2. Factors (and Indicators), identifying sample (and species) groups

Active window

If you have been carrying out the manipulations in Section 1, by now you will have several sheets open in the C:\Examples v7\Tasmania workspace, the worksheet Tasmania nematodes and several identical versions of the copepod assemblages. Unclutter your PRIMER desktop by Window> Close All Windows and then re-display just Tasmania nematodes and Tasmania copepods by clicking on their icons in the Explorer tree. (If the workspace is clear, then File>Open these two *.pri files). It is fundamental to operation of PRIMER that only one window in the workspace is considered active at any one moment, and this will always be displayed on the PRIMER desktop and be identified by the slightly deeper colour title bar and the highlighted entry in the Explorer tree. You can select which one to activate by clicking anywhere on its window or the entry in the tree. Menu selections apply only to the active window, e.g. File> Save As, Edit>Labels, and the Analyse and Tools items (though these may specify one or more secondary sheets needed for a composite analysis). Note also that menus are dynamic, with content that changes with the context. When the active window is a rectangular data sheet, different Analyse options (e.g. Resemblance, DIVERSE, PCA) are available than for a triangular resemblance matrix (e.g. CLUSTER, MDS).

Use of factors

With Tasmania nematodes as the active window, select Edit>Factors from the main menu (or use the shortcut right click when the cursor is over the data matrix to bring up a combination mainly of the Edit and Select menus), and observe that there are already two factors defined. The treatment factor Treatment splits the 16 Tasmanian sandflat samples into two levels, namely whether they are from disturbed (D) or undisturbed (U) areas of sediment. The Block factor divides the samples up in a different way, into four levels, the four separate sampling patches across the sandflat (1 to 4). In statistical terminology, the treatment and block factors are crossed, meaning that there are samples at every combination of levels of the first and second factors. Factors are heavily used throughout PRIMER, in at least two main ways:

a) to define a group structure for multivariate hypothesis testing (e.g. ANOSIM, see Chapter 6 of the CiMC manual).

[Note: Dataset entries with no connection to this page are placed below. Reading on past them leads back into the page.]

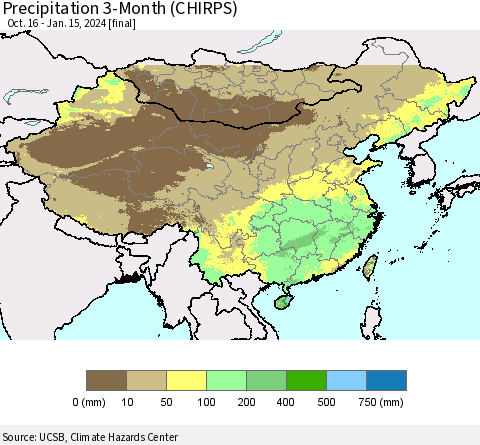 China, Mongolia and Taiwan Precipitation 3-Month (CHIRPS) Thematic Map For 10/16/2023 - 1/15/2024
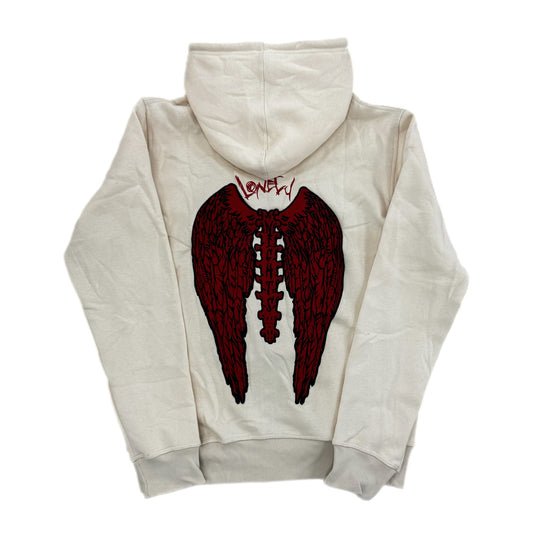 Lonely Nights Teardrop Wings Zip-Up Hoodie Cream/Red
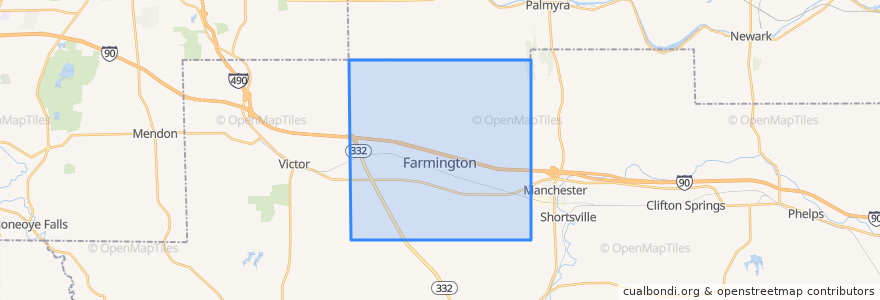 Mapa de ubicacion de Farmington Town.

Such a priori structuring of the samples (i.e. prior to seeing the data) plays an important role in formal inference about sample patterns, and also the interpretation of which variables (e.g. species) are primarily responsible for distinguishing specific groups (Chapter 7);

b) purely as a means of labelling points on plots, in dendrograms etc., in which case there might be a different ‘level’ for every sample, e.g. a fuller or more abbreviated site name than is held in the sample label. There is no limit on the length or alphanumeric content of a factor level.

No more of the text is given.